▶ **Your goal**
All of the data should be given again word for word, though the images are to be left out.

▶ **Information supplied**
_ _ _ _ _ _ _
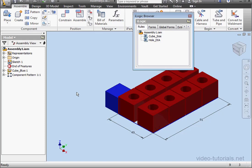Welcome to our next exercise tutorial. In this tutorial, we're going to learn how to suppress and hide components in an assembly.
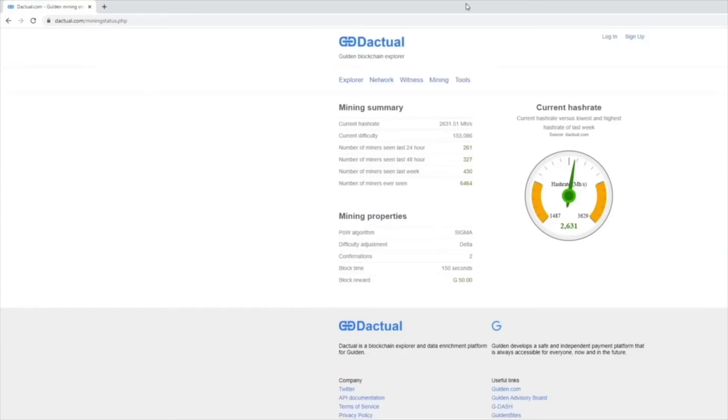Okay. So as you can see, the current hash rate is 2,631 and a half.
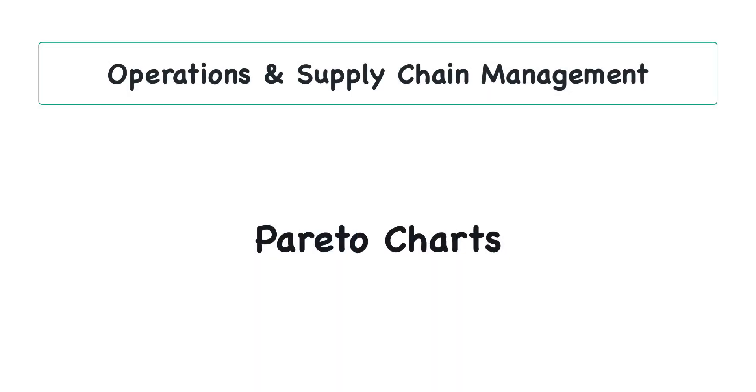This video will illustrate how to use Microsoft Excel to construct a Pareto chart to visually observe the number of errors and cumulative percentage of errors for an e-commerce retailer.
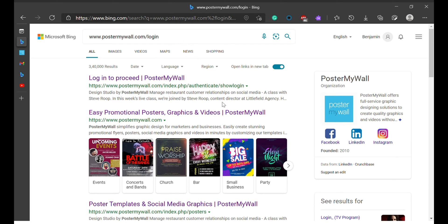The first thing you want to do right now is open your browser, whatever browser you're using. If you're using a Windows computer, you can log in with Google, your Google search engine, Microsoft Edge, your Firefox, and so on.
_ _ _ _ _ _ _
▶ **Task result**
Welcome to our next exercise tutorial. In this tutorial, we're going to learn how to suppress and hide components in an assembly.
Okay. So as you can see, the current hash rate is 2,631 and a half.
This video will illustrate how to use Microsoft Excel to construct a Pareto chart to visually observe the number of errors and cumulative percentage of errors for an e-commerce retailer.
The first thing you want to do right now is open your browser, whatever browser you're using. If you're using a Windows computer, you can log in with Google, your Google search engine, Microsoft Edge, your Firefox, and so on.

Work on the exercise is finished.